The jury, in reality, returned a death sentence for Belmontes, not because of a confusing jury instruction, but because he murdered nineteen-year-old Steacy McConnell in cold blood, striking her 15-20 times in the head with an iron dumbbell he had brought with him to her house in case of such an encounter; I sincerely doubt the family and friends of Steacy would share the majority’s callous view that her murder was not “especially heinous.”
Not surprisingly, the prosecution was able to portray Belmontes as a violent young man by focusing on his past behavior: his armed theft of a loaded handgun, his tendency to carry such a weapon, his fight with another ward while in the CYA after pleading guilty to being an accessory after the fact to voluntary manslaughter, and his battery of his pregnant girlfriend, which caused her to drop their two-year-old daughter. It is such violent, anti-social behavior, not an ambiguous jury instruction, that placed him in the situation he now finds himself.
Perhaps the jury simply did not believe that a convicted murderer might be a particularly good role model to other inmates, despite Reverend Miller’s testimony that Belmontes would be good at counseling other inmates not to repeat his “mistakes.” After all, Steacy’s murder was hardly a “mistake.” Perhaps Belmontes’s jailhouse conversion to Christianity, which mysteriously lapsed as soon as he returned to society, and his ascent to the top of CYA’s fire crew, could rightly have been seen as manipulative ploys to gain early release for his previous crimes.

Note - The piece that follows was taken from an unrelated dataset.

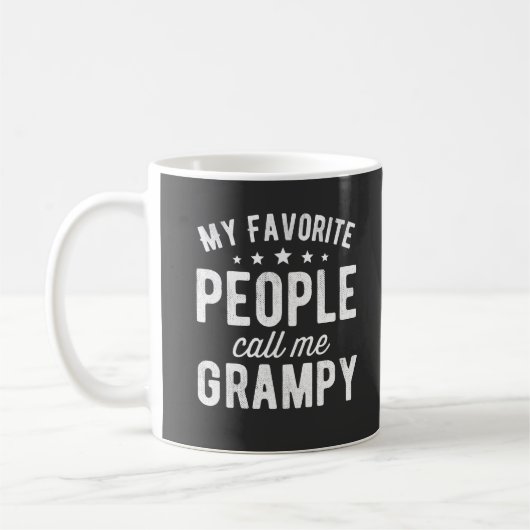 Mug mes gens préférés m'appellent grampy (Gauche)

By concluding that the trial court’s jury instructions were unconstitutional, the majority ignores the “strong policy against retrials years after the first trial where the claimed error amounts to no more than speculation.” Boyde, 494 U.S. at 380, 110 S.Ct. 1190. There is nothing in the record which would lead me to believe that there was a reasonable probability that the jury was confused about its sentencing duties; therefore I would affirm the denial of the petition for the writ as to the penalty phase. I must respectfully dissent from the majority’s refusal to do so.1
. Belmontes also contends that he was deprived of constitutionally effective counsel during the penalty stage of his trial. His claim is without merit. See Strickland v. Washington, 466 U.S. 668, 694, 104 S.Ct. 2052, 80 L.Ed.2d 674 (1984); Gerlaugh v. Stewart, 129 F.3d 1027, 1035-36 (9th Cir. 1997).